EXERCISE INSTRUCTIONS:
Down to the last line, set down the material below exactly; skip the pictures.

### DATA ###

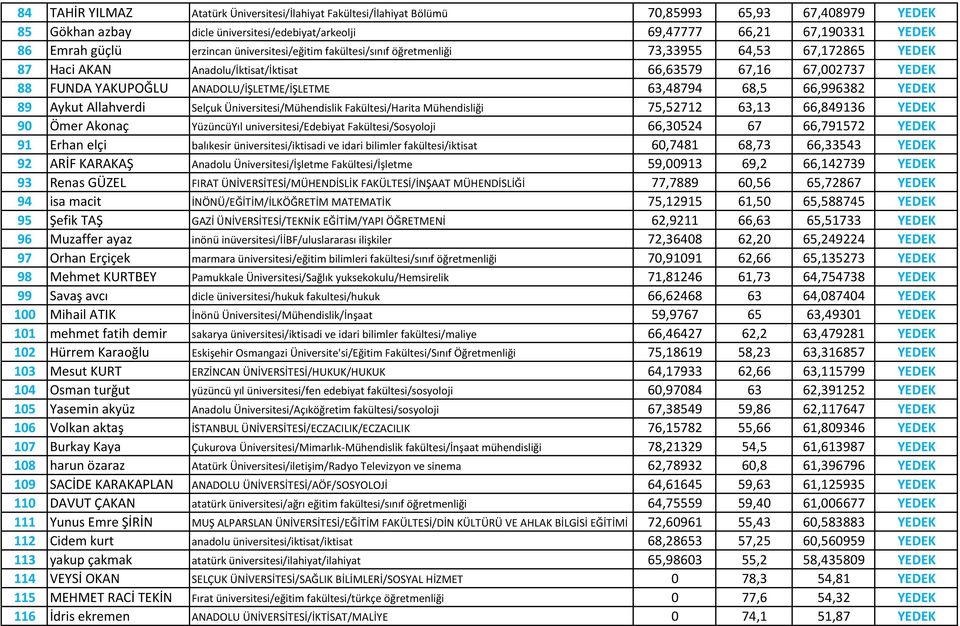 ANADOLU/İŞLETME/İŞLETME 63,48794 68,5 66,996382 YEDEK 89 Aykut Allahverdi Selçuk Üniversitesi/Mühendislik Fakültesi/Harita Mühendisliği 75,52712 63,13 66,849136 YEDEK 90 Ömer Akonaç YüzüncüYıl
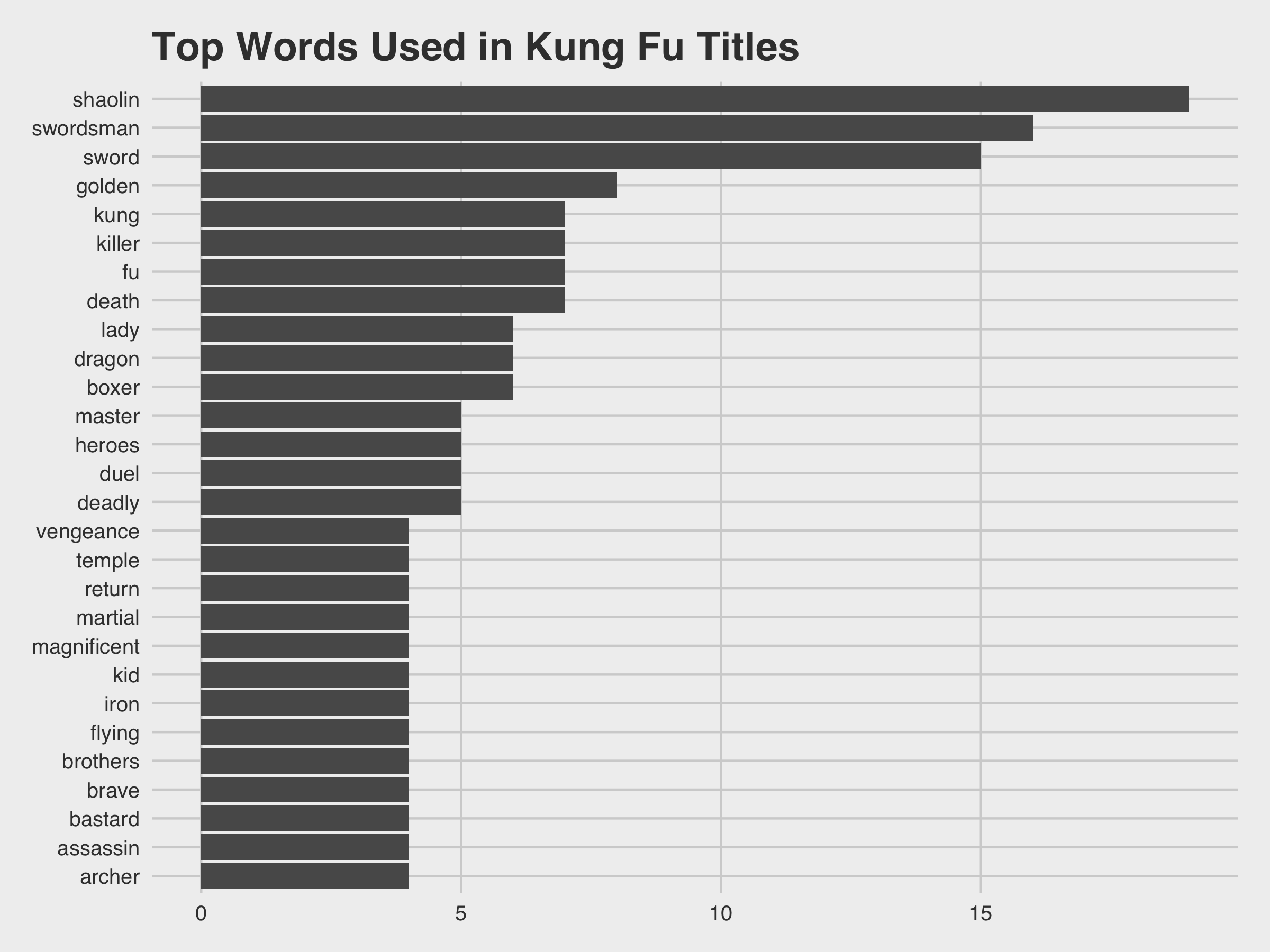 Top Words in Titles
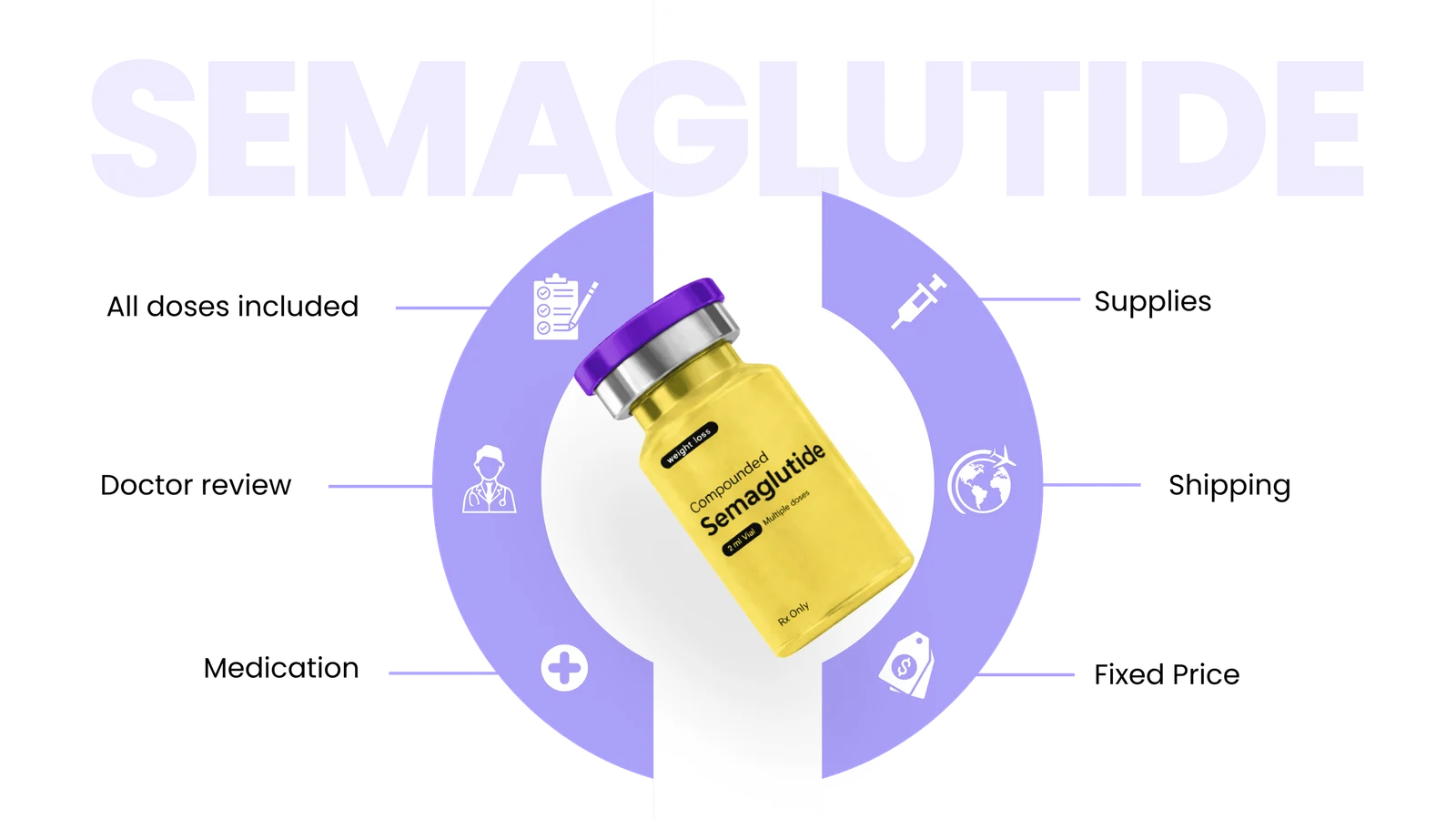 SEMAGLUTIDE — All doses included · Doctor review · Medication · Supplies · Shipping · Fixed Price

###

RESPONSE FOR THIS EXERCISE:
 ANADOLU/İŞLETME/İŞLETME 63,48794 68,5 66,996382 YEDEK 89 Aykut Allahverdi Selçuk Üniversitesi/Mühendislik Fakültesi/Harita Mühendisliği 75,52712 63,13 66,849136 YEDEK 90 Ömer Akonaç YüzüncüYıl
 Top Words in Titles
 SEMAGLUTIDE — All doses included · Doctor review · Medication · Supplies · Shipping · Fixed Price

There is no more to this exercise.